Mr. Hill expanded on this theme yesterday, saying a Giuliani administration would seek to reform the United Nations but that it would not be a veto on American action. "The U.N. is going to have to shape itself up or else other ways will have to be found," he said. "That can be unilaterally, bilaterally, with other entities that may come into being."
The question I would ask is whether and how Giuliani can prevent Ehud K. Olmert from giving away the store in order to pander to the Israeli left to preserve Olmert's position in power.
2 Comments:
"The question I would ask is whether and how Giuliani can prevent Ehud K. Olmert from giving away the store in order to pander to the Israeli left to preserve Olmert's position in power."
STRONG, MORAL leadership in the Whitehouse (fat chance of that!) could--indeed, would--kowtow the Israel 'Left', in favor of strong, moral leadership in Israel itself.
Giuliani's almost-good speech in fact reveals his willingness to compromise on vitally important issues, i.e.: 1) he accepts a 'two state solution'; and,2) he would "strengthen" international institutions (as opposed to dismantling them).
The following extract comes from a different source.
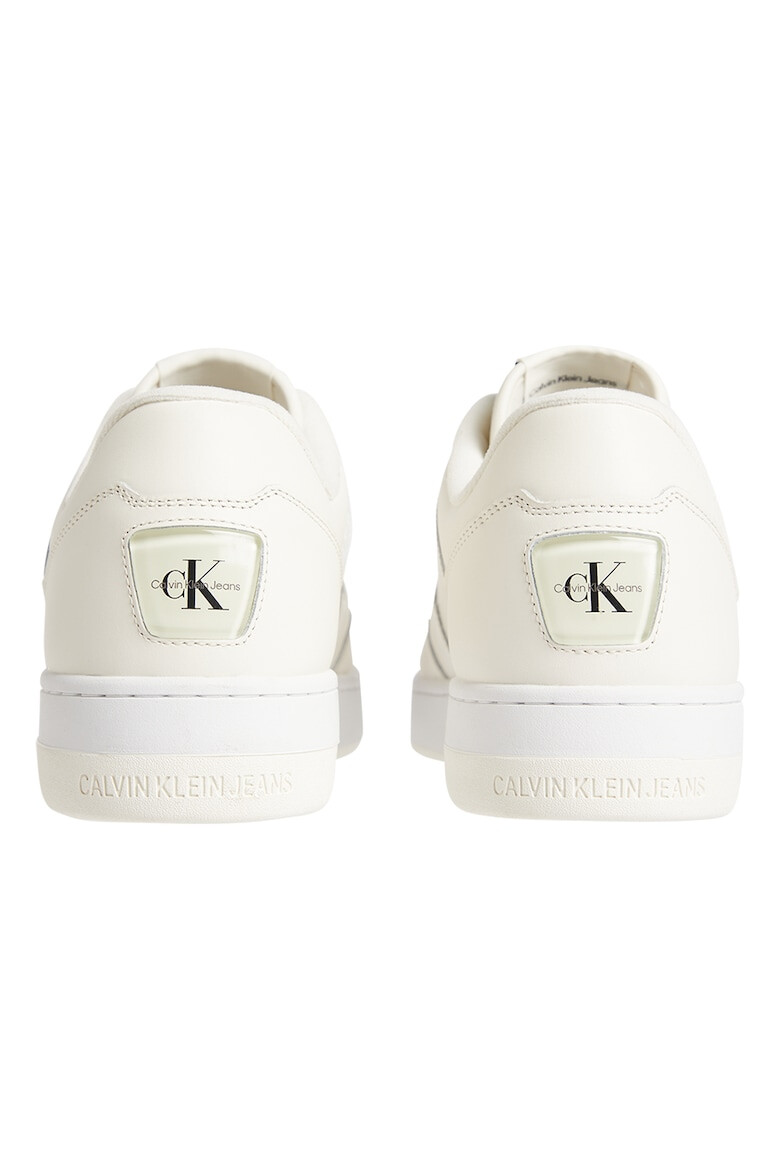 CALVIN KLEIN JEANS Pantofi sport low-cut de piele - Pled.ro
He's a politician, not a statesman.
Giuliani has just backtracked from the trendy ISG, political horizons, and unilateral concessions talk popular these days to reiterating The Road Map position, something that has already failed. He needs to take the next step and admit Road Map failure and suggest an alternative in light of it. He's still not thinking outside of the CFR land-for-peace box, but then he does need CFR support, no?